Enhancing roleplay: Creative roleplayers can use Blink to enhance dramatic moments, like disappearing in the middle of a conversation only to reappear moments later as an intimidation tactic.

Blink spell common questions

Can I control when I blink in and out?

No, the Blink spell operates based on chance. At the end of each of your turns, you roll a d20, and on a result of 11 or higher, you transition to the Ethereal Plane. The unpredictability is inherent to the spell.

Can I blink through walls or doors?

The rules state “unoccupied space of your choice that you can see“, so unless you can see the space, you cannot return to it. This means if your target location is obscured by a wall or closed door, unless you have some reason you can see through it, you cannot blink to it.

What happens if I’m in the air when I cast Blink?

The spell doesn’t change your momentum or physical position. If you were falling when you cast the spell and then blink out, you’d continue falling in the Ethereal Plane, and when you blink back, you’d still be subject to whatever consequences that motion entails in the Material Plane (like fall damage).

Can I cast spells while on the Ethereal Plane?

No, the Blink spell specifically takes you to the Ethereal Plane at the end of your turn and takes you back at the start of the next turn, meaning you cannot perform actions on the Ethereal Plane.

What if there’s a barrier or creature where I blinked out when I return?

When returning from the Ethereal Plane, you can choose an unoccupied space within 10 feet of where you disappeared. If no such space exists (due to a wall, creature, or other obstacle), you’ll appear in the nearest unoccupied space.

Do effects or conditions on me continue while I’m in the Ethereal Plane?

Yes, conditions like being poisoned, charmed, or on fire will persist. The Ethereal Plane doesn’t halt these effects; it merely makes you intangible to the Material Plane.

Can I be attacked by creatures native to the Ethereal Plane?

Yes, while on the Ethereal Plane, you’re susceptible to interactions with entities and creatures that reside there. Ghosts, specters, and other ethereal beings can perceive and engage with you.

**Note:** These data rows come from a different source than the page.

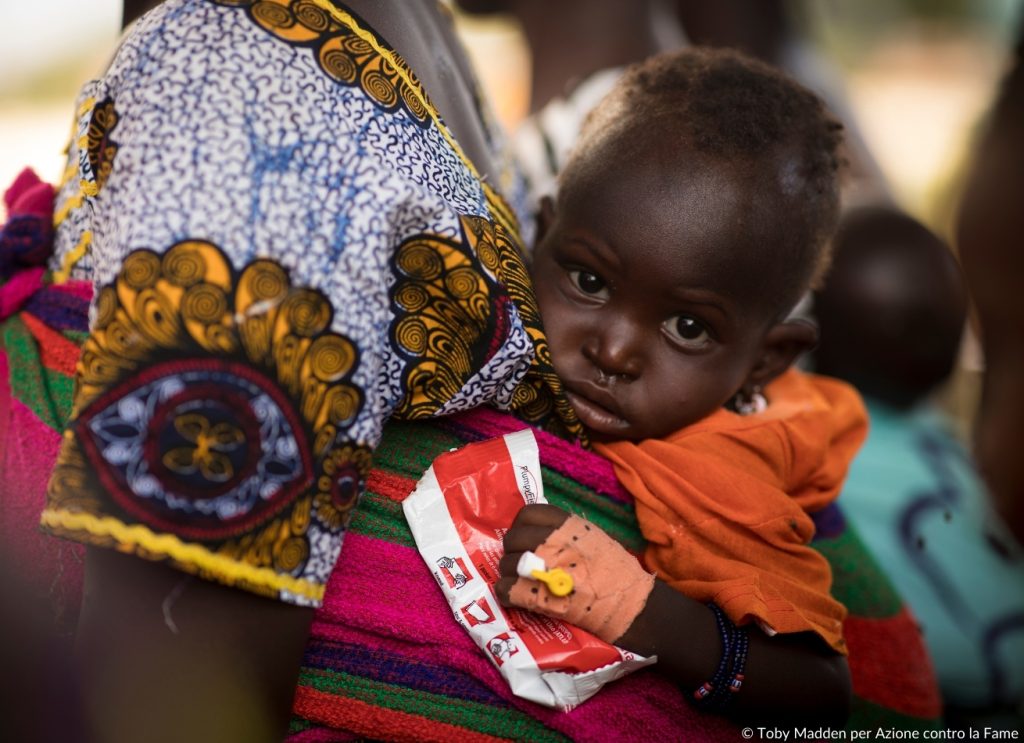 Malnutrizione infantile in Mali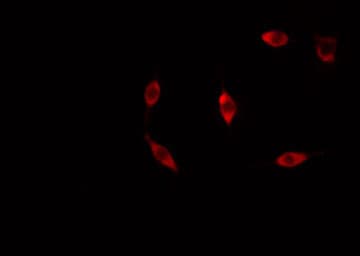 PRKCQ / PKC-Theta Antibody (phospho-Ser676)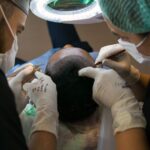 ما هي افضل دولة لزراعة الشعر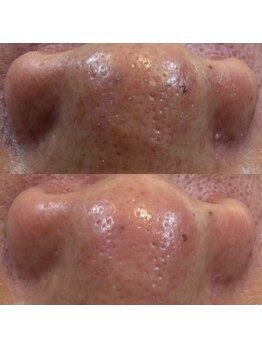 バイカラー(BY COLOR)/メンズ　毛穴洗浄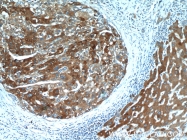 17872-1-AP - TP53INP1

Does Blink provide any protection against spells or effects that target other planes or dimensions?

Some spells and abilities can affect interdimensional spaces or multiple planes. In such cases, Blink won’t provide protection. Always be aware of enemies with planar abilities.

Can I use Blink to escape bindings or restraints?

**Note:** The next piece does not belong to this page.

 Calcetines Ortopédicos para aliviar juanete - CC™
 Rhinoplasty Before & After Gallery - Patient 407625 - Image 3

Blinking doesn’t free you from physical restraints. If you were tied up or chained in the Material Plane and you blinked out, you’d still be restrained in the Ethereal Plane.

Can I choose to end Blink early?

You can use an action to dismiss the spell and end its actions.

Does the Blink spell require concentration?

No, Blink is not a concentration spell.

Advanced tips and tactics for the Blink spell

For those looking to elevate their use of the Blink spell beyond its basic application, it’s essential to think both creatively and strategically. Here’s a collection of advanced tactics and considerations to make the most of Blink:

Blink with complementary spells

Delayed Blast Fireball: Cast this spell with a delay, then use Blink to ensure you’re safely on the Ethereal Plane when it detonates.

Contingency: Pair this spell with Blink to set up specific triggers. For example, if you’re surrounded by enemies, Blink can activate automatically.

Meteor Swarm spell (that didn't fall victim to Counterspell)In a clutch situation, gambling on Blink to take you out of the blast of a delayed fireball can surprise enemies

Use Blink to lure enemies away

Enemies will have difficulty strategising against a player who might suddenly disappear. This can be exploited by intentionally placing oneself in risky positions, thereby tempting enemies into traps or luring them away from objectives.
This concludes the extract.